• [WHAT THIS TASK INVOLVES]
Omit all pictures and transcribe only the lines in the entries below that run from the line with "LED Christmas decorative" through the line with "cheap Landscape Paintings-Oil".

(DATA SUPPLIED)

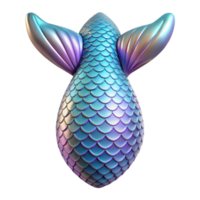 iconic contemporary A single, preservemermaiscale, iridescent anshimmering, studio lighting, front view, isolateon transparent background,high-resolution product photography crisp png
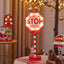 LED Christmas decorative lights, stop signs, Christmas hats, crown shaped lights, storefront ambient lights - Korvel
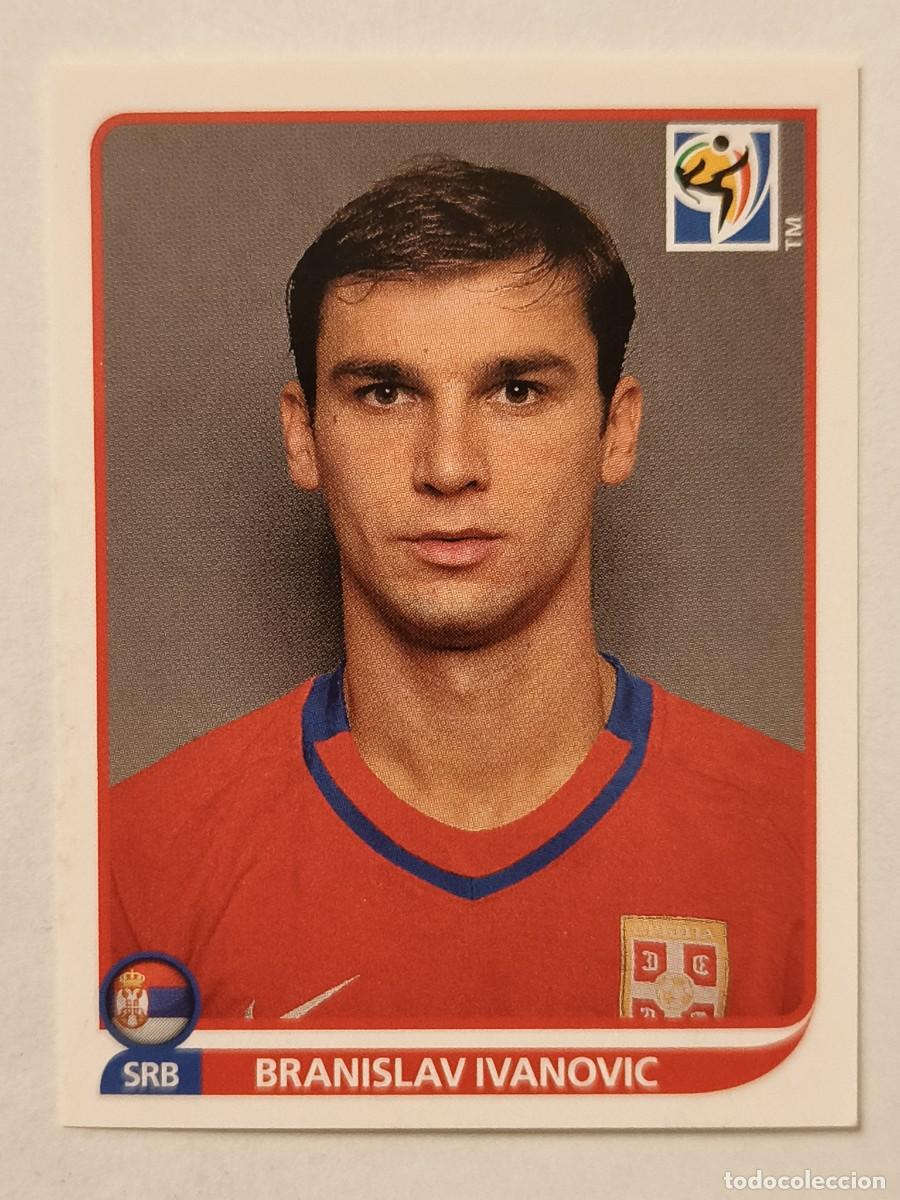 Cromos de f&uacute;tbol: #300 BRANISLAV IVANOVIC (SERBIA) MUNDIAL SUDAFRICA 2010 PANINI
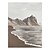 cheap Landscape Paintings-Oil Painting Hand Painted Vertical Abstract Contemporary Rolled Canvas (No Frame)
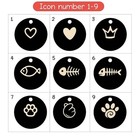 Cat Id Tag  Custom Engraved Personalized Pet Tags  Round Aluminum Charm  1  X 1 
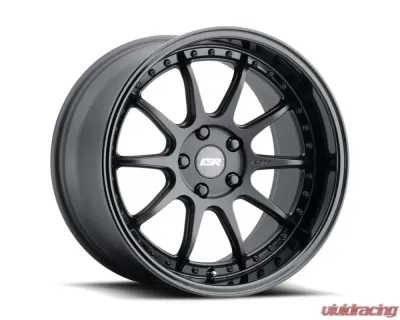 ESR Wheels CS12 Wheel 18x9.5 5x114.3 22mm Matte Black | Gloss Black - 89511122_CS12MBLK-BL_5X114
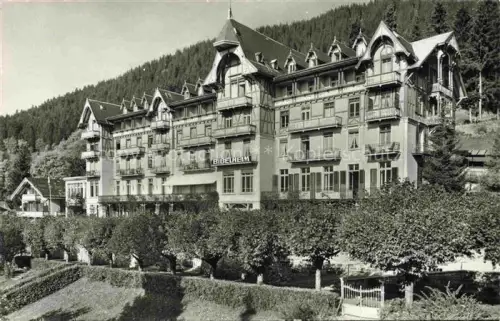 AK / Ansichtskarte Beatenberg Thunersee BE Bibelheim Hotel Fachwerk Wald Garten Hecke Balkon Jugendstil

(End DATA SUPPLIED)

• [ANSWER SECTION]
 LED Christmas decorative lights, stop signs, Christmas hats, crown shaped lights, storefront ambient lights - Korvel
 Cromos de f&uacute;tbol: #300 BRANISLAV IVANOVIC (SERBIA) MUNDIAL SUDAFRICA 2010 PANINI
 cheap Landscape Paintings-Oil Painting Hand Painted Vertical Abstract Contemporary Rolled Canvas (No Frame)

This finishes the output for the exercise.